= Kirk Mangus =

American sculptor (1952–2013)

Kirk Mangus (1952–2013) was an internationally renowned ceramic artist and sculptor "known for his playful, gestural style, roughhewn forms, and experimental glazing". His murals, works in clay, on paper, in wood, and other media pull from a rich and diverse set of influences: ancient Greco-Roman art, mythology, Japanese woodblock prints, comic books, folk stories, from Meso-American through Middle-Eastern and Asian ceramic traditions as well as the people he saw, the places he travelled, and his own dreamworld. He loved experimenting with new mediums, local materials, clay bodies, slips, kiln-building and the firing process.

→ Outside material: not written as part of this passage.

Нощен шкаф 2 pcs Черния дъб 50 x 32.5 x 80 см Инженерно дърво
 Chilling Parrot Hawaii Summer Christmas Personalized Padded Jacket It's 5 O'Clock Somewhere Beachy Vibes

Born in Sharon, PA, Mangus developed an early love of art from his parents who introduced him to Toshiko Takaezu, then at the Cleveland Institute of Art and sent him to study at Penland School of Crafts. Their inspiration and encouragement led him to receive his BFA from the Rhode Island School of Design (1975) and MFA from Washington State University, Pullman (1979). Mangus would remain friends with Takaezu throughout her life and fired her work over the years in his Anagama kilns in Pennsylvania and Ohio.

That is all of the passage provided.